Work instructions: Read through the records. Copy each line that has the word "Photo".

::: Task data

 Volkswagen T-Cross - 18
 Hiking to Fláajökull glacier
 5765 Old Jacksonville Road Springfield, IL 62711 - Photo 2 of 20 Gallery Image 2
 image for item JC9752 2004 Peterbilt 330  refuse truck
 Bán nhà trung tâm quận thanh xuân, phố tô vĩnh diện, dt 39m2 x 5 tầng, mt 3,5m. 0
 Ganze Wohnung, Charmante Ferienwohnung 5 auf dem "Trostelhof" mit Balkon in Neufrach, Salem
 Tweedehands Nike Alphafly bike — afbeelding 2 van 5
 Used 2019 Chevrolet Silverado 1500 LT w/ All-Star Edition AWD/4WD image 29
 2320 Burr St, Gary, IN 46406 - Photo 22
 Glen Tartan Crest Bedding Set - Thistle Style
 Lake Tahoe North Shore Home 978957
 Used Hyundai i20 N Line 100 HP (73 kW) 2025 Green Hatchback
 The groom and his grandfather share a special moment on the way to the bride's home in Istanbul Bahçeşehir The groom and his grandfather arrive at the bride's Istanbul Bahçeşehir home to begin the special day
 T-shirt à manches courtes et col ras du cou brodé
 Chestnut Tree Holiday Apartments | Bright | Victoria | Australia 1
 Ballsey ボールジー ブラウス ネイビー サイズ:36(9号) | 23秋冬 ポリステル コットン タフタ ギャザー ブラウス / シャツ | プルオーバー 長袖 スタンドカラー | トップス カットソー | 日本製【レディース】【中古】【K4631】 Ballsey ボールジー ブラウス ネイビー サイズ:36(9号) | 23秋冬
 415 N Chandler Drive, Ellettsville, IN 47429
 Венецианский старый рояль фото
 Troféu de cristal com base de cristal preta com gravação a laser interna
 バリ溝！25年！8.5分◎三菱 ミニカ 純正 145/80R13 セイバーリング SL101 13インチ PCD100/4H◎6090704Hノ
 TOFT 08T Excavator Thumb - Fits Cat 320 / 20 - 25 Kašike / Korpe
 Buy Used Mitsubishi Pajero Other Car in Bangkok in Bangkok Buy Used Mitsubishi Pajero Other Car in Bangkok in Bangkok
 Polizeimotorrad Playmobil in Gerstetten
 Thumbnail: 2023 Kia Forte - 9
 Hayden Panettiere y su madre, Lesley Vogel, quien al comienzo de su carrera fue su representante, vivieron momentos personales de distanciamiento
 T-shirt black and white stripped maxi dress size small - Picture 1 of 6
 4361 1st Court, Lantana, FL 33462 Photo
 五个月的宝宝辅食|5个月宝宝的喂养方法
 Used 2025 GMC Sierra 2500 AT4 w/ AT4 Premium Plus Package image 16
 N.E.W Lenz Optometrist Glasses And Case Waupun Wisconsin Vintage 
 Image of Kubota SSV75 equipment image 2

::::::

Result of this task:
 5765 Old Jacksonville Road Springfield, IL 62711 - Photo 2 of 20 Gallery Image 2
 2320 Burr St, Gary, IN 46406 - Photo 22
 4361 1st Court, Lantana, FL 33462 Photo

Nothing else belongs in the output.